Q: How long have you lived in Greenwich?
A: Since 1971 -- in the same house. (My name is Norwegian. My parents emigrated in 1929, just in time for the Great Depression.)
Q: How do you think Greenwich has changed over the years?
A: You see more people responsible in recycling and in the environment, taking care of it, and the trees. With stream recycling -- putting everything in one garbage pail -- I think they've gone a little too far.
Q: Are you married? How long?
A: Yes, for 50 years to Gail Ann.
Q: Do you have any children? Grandchildren?
A: Two sons and four beautiful granddaughters. Olivia is the oldest at 11 and she sings like an angel.

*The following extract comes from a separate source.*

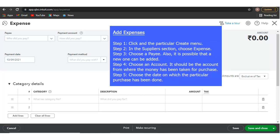Step 1: Click the Create menu. Step 2: In the suppliers section, choose Expense. Step 3: Choose a payee. A new one can also be added if needed.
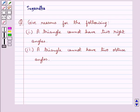Hello and welcome to the session. In this session we discuss the following question which says: give reasons for the following. First, a triangle cannot have two right angles. Second, a triangle cannot have two obtuse angles.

She sings for the Brooklyn Youth Chorus and she's going to my same school, Poly Prep Country Day School in Brooklyn.
Q: Are you retired?
A: Yes -- in 1996.
Q: What did you do when you worked full time?

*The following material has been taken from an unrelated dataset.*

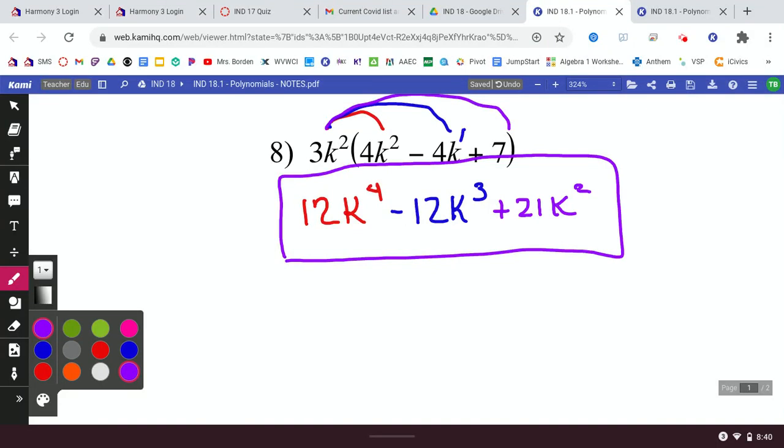For those of you at home, go to the bottom of the page, click that gray load button and it will load your assignment in Kami. Make sure you show all of your work and circle your final answers, then submit it through Kami. You can email me if you have any questions, and I can always set up a Google Meet to meet with you one-on-one to help if you have any problems.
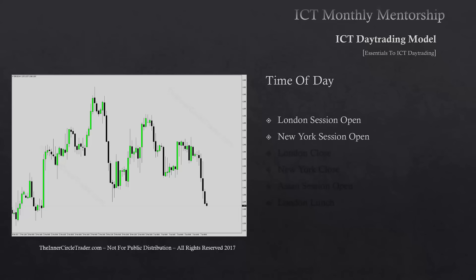The next time window we look at is the New York session open — this is primarily the easiest one to work with. You'll see with the insights in this teaching why the New York session is so much easier, which is why most of our mentorship has focused there. London can be a little bit of a beast — you need more understanding about IPTA, how daily ranges form within the weekly range, and how the weekly range forms within a monthly range. Over time you'll get a better understanding about how the sessions unfold and when London is to be avoided.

A: I was a consultant for the Gartner Group, which sells research.
Q: What was the most important thing you learned in your work?

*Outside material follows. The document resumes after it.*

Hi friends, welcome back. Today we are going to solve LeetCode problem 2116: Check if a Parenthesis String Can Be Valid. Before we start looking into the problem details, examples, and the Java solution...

A: To be a team player and to rely on experts.
Q: What was a significant memory or defining moment in your childhood?
A: In my senior year at Poly Prep I met my wife Gail, and four years late we walked down the aisle of Good Shepherd Lutheran Church, Fourth Avenue and 75th Street in Manhattan.
Q: What are your main hobbies and interests?
A: Playing golf. Writing and publishing books on local history. And I've been a volunteer for the Oral History Project at Greenwich Library, interviewing Greenwich people. I also support At Home in Greenwich.
Q: Do you have a favorite sport?
Q: Do you have a favorite book?
A: I read a lot of books. One that I read every four or five years is Jan de Hartog's "The Captain," about ocean going tugboats in WWII. It's a compelling story.
Q: Do you have a favorite work of art?
A: No, there's so much good art out there.
Q: What music do you listen to and what is a favorite piece of music?
A: Any of the later Mozart symphonies. A favorite is his 41st -- the Jupiter Symphony.
Q: If you could tell the president of the United States one thing, now, what would it be?
A: To get just a little less full of himself and be a team player with Democrats and Republicans.
Q: What achievements in your life are you most proud of?
A: I'm really a family man. Gail and I've raised two sons and they're doing well.
Q: If you had a magic wand what would you wish for?
A: Good health for my wife Gail; she goes every day with low back pain.
Q: Best piece of advice to give to the younger generation?
A: Don't take yourself too seriously.
Q: What brings you your greatest joy?
A: Being with my granddaughters. They're better than sliced bread.
Q: What are you looking forward to?
A: Selling our second home in Woodstock, New York.